Around one-thirty, just before it happened, the office just getting settled back to work from lunch, Nicholas sat at his desk in the office he shared with Lester Jenkins, alone. Most of the things he just learned from Haj Fujiwara during their noon break, particularly those that hit home, still fresh in his ears. He wanted to talk to somebody else about them, and did so by writing a letter to Emil, in his head.

I was totally surprised when he said it and that he would say it. I was stunned at how directly he said it as if it had been in him for years. 'I am not accepted in the American society as it is now,' he said. His exact words. 'I don't fit in it, don't belong in it. I must therefore go to where I belong.'

I have a feeling he's holding off on some things. I have an idea of what they might be and I can even guess why he doesn't want to - or couldn't tell them to me.

I believe him when he told me it's not a question of assimilation. He's a native-born American. He's more American than I am, in spite of the fact that he's pureblood Asian and I'm only half, and half Caucasian. But there are other sides to the question of assimilation, not just the matter of being born and raised here or not, picking English as a primary language and adapting to the lifestyle.

There's also the matter of how strong one's cultural background plays in his personal life, at home and beyond. How long or how short a leash it has him on. And then of course there's the matter of race.

I can see how America can become one big lonely place for someone born and raised in it to discover later certain limitations he has to face because of his race. It's not the same for Haj as it is for the blacks. The blacks grow up recognizing fully those limitations since the first day they begin to shed their innocence. With Haj, as it is with me in some ways I have felt in the past, this recognition comes rather late into adulthood and it comes rather abruptly. It's somewhat similar to cultural shock. Racial shock.

Now, this I don't see Haj talking to me about openly. I don't see him getting into any specific personal experience of racial prejudice which I'm sure he's encountered many times and probably accounts for most of what he said to me today.

I agree, racism is still very much a part of the problems America faces today. There was this Filipino I used to work with on a project not long ago. Not a bad-looking guy. Very intelligent, highly educated as most of them are as we both know (there was a time when nearly a third of the faculty of all the colleges and universities in the capital were Filipinos). Once in a while, he lapsed into a morbid mood, really felt depressed and his language would deteriorate. I guess this helped him let out some of the untidy things in his life he had bottled up inside him.

One of those occasions, he was telling me how torn up he felt, intellectually, emotionally, socially - inside out, he said, between two cultures; like being caught in between two big rocks closing in on him. He even tried to be funny about it: like Samson, he said, with no hair. Totally bald.

And his language then went down the gutter level.

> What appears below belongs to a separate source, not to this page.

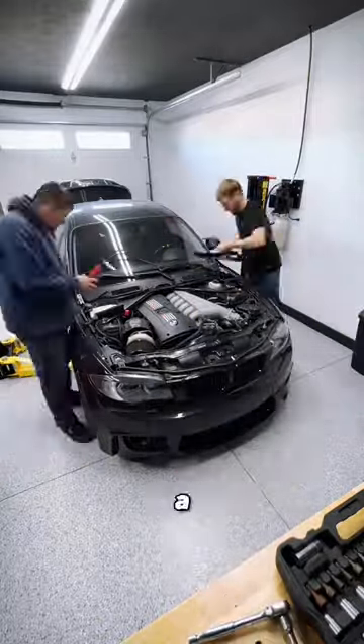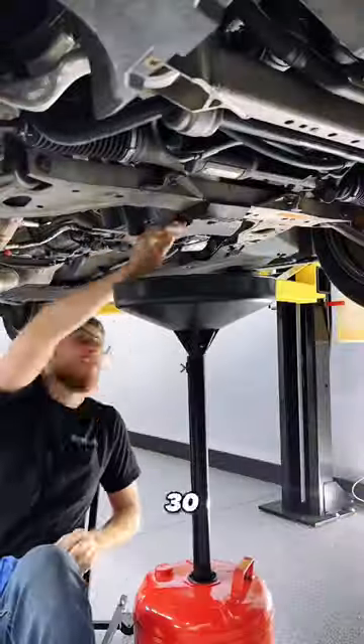I'm going to show you guys how to take the engine out of a BMW 135 in 30 seconds or less.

'I'm so fuckin' lonely in this damn country of over two hundred million people sometimes I can't think straight,' he mumbled to me in anguish. 'I feel so damn useless, living my life for nothing. Wasting it away. I now believe cultural assimilation is wrong. People should stick to their own. Stay where they belong.'

Nicholas remembered the fellow well. One of the few professional people he had known and worked with in America who'd be hard to forget. The Filipino man held a master's degree in Architecture and in Civil Engineering, from Harvard. He was all at once bright and naive, serious and jocular, harsh and soft. And he was the first person to ever cause Nicholas to seriously look back to where he came from, to view the old country and see how it looked from America, on that one occasion the man was in a depressed mood. He also looked deeply into himself, and his life in America.

Now, it was Haj.

He continued with the imaginary letter to Emil, feeling glad that Lester was not in the office and no one else had come in to distract him from this.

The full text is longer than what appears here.